Manuel Harder als Oedipus, dessen zentrales und vielfach eingeklagtes Macht-Tool, die Aufklärung, sich zusehends gegen ihn selbst wendet, gewinnt dem Abend tatsächlich eine hochkomplexe Machtstudie ab. Sensationell, wie er angesichts der eigenen Schuldahnung lieber erst einmal die Aufklärer abkanzelt und sich in Verschwörungstheorien flüchtet, als die Komfortzone des eigenen blinden Fleckes zu verlassen; dabei immer aber auch gepiesackt vom eigenen Rationalitätsanspruch, der der Verdrängung im Wege steht.
Komponist Nico van Wersch erzeugt eine komplexe Klangebene
Der Abend erfordert die große Schauspielkunst, aus den Figuren zwar einerseits markante Charaktere herauszudestillieren, sie dabei aber andererseits nicht (küchen-)psychologisch herunterzudividieren oder pathetisch zu verkitschen: ein schmaler Grat, auf dem neben Harder auch Almut Zilcher als Gattin und Mutter Jokaste sowie Elias Arens als Schwager Kreon oder der Chor in Gestalt von Linda Pöppel, Toni Jessen und Yannick Stöbener beglückend sicher balancieren.

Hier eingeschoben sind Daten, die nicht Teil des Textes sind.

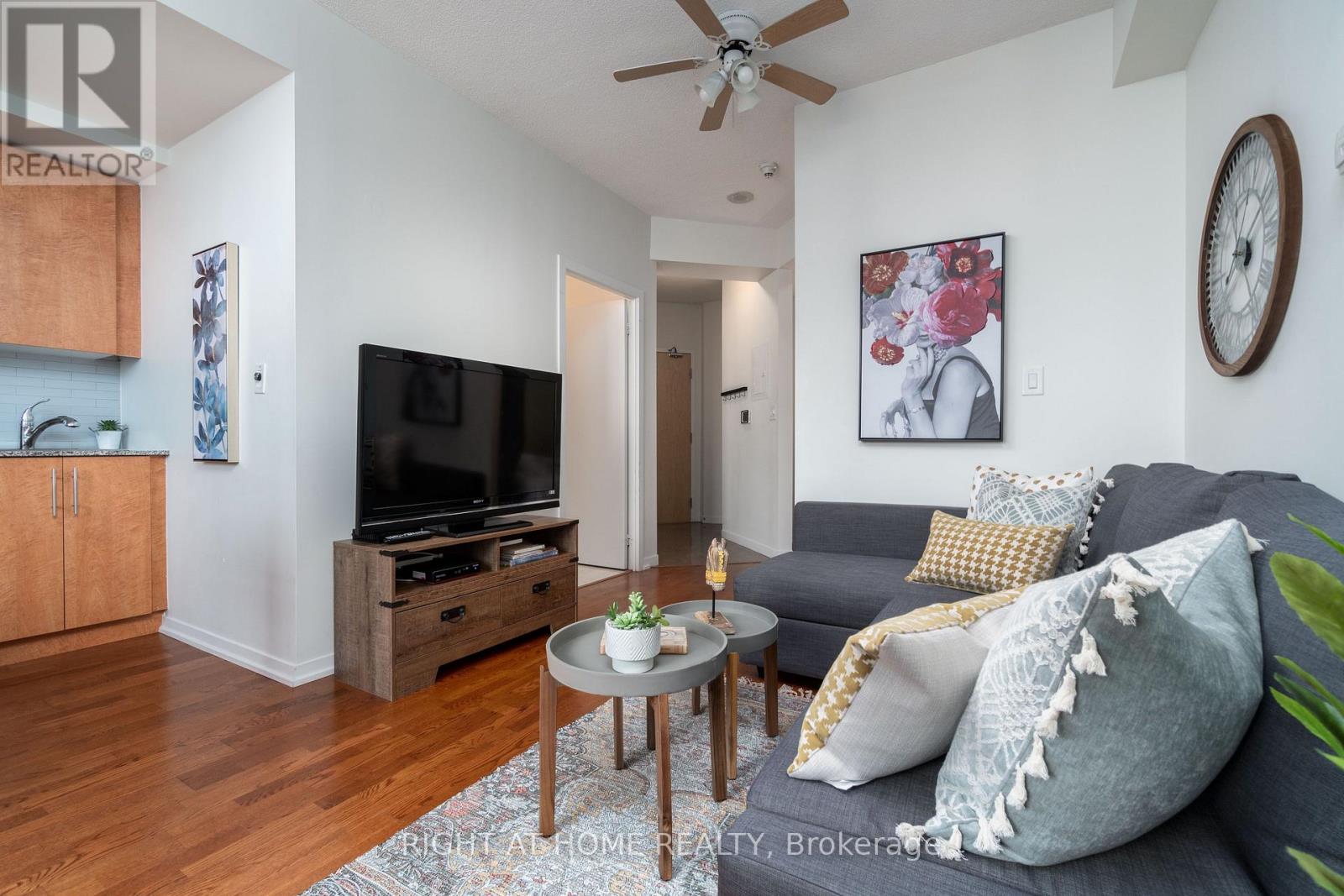 #3404 55 BREMNER BOULEVARD - 4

Dieses Changieren zwischen dem Abstrakten und dem Konkreten, zwischen Prinzip und Figur sieht man in dieser Genauigkeit wirklich selten. Und wie groß die Herausforderung ist, zeigt sich im Auftritt von Kathleen Morgeneyer, die ihre Rolle des Sehers Teiresias im schwarzen Stretch-Abendkleid recht eineindeutig im Wehklage-Gestus anlegt und so auf einen hohen Pathos- und Tragödienton hebt, der den ansonsten hochpräzisen Untersuchungsgestus des Abends zwischenzeitlich leider etwas verwischt.

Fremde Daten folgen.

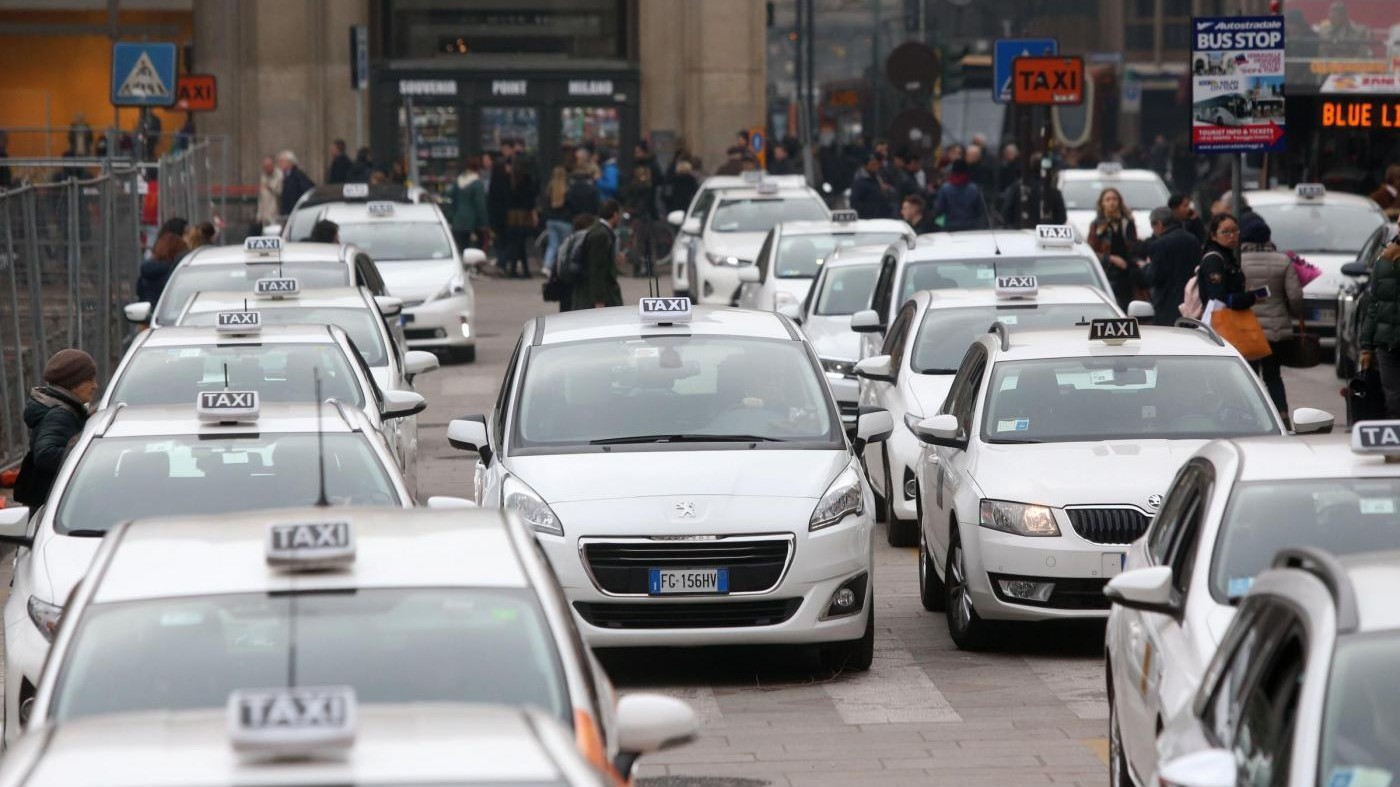 Taxi, sciopero nazionale il 23 marzo: stop dalle 8 alle 22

Für dessen Gesamtgelingen entscheidend mitverantwortlich sind die Kompositionen Nico van Werschs, die ebenso traumwandlerisch wie die Schauspieler der Versuchung zur platten Textillustration widerstehen. Vielmehr erzeugt van Wersch eine komplexe Klangebene als zusätzliche Reibungs- und Kommentarspur, die von den Live-Musikerinnen und Musikern kongenial interpretiert wird.

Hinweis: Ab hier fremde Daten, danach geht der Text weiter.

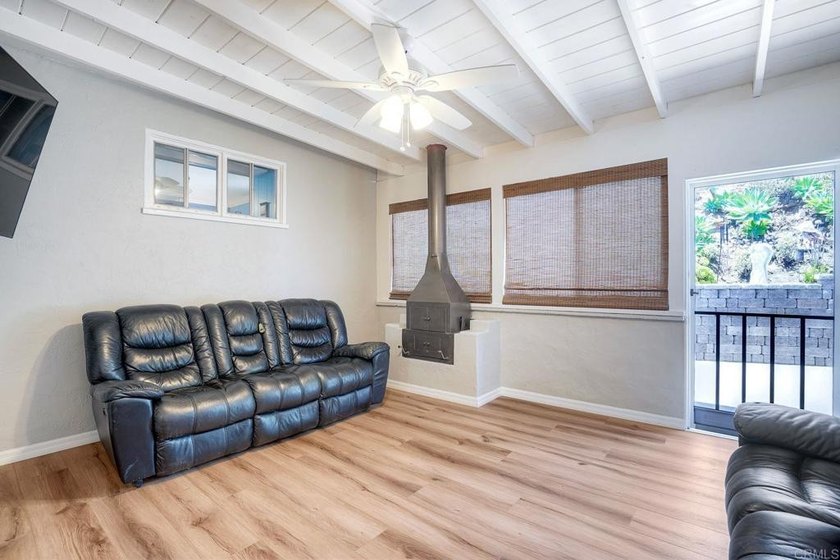 Welcome to this beautiful 4 bedroom, 1.5 bath home featuring a - photo 15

Am Schluss steht Oedipus nackt auf der Szene: Eine große Geste an diesem minimalistischen Abend, der – abgesehen von der leeren (Dreh-)Bühne, auf der das Personal in einem perfekt abgedimmten Nebel wie von Geisterhand auf- und wieder abtaucht – nur noch mit Licht arbeitet: verschiedenfarbige Leuchtringe, die sich je nach Geschehen heben oder senken, quer oder parallel zueinander stellen und letztlich über allem stehen wie Planetenbahnen des Universums.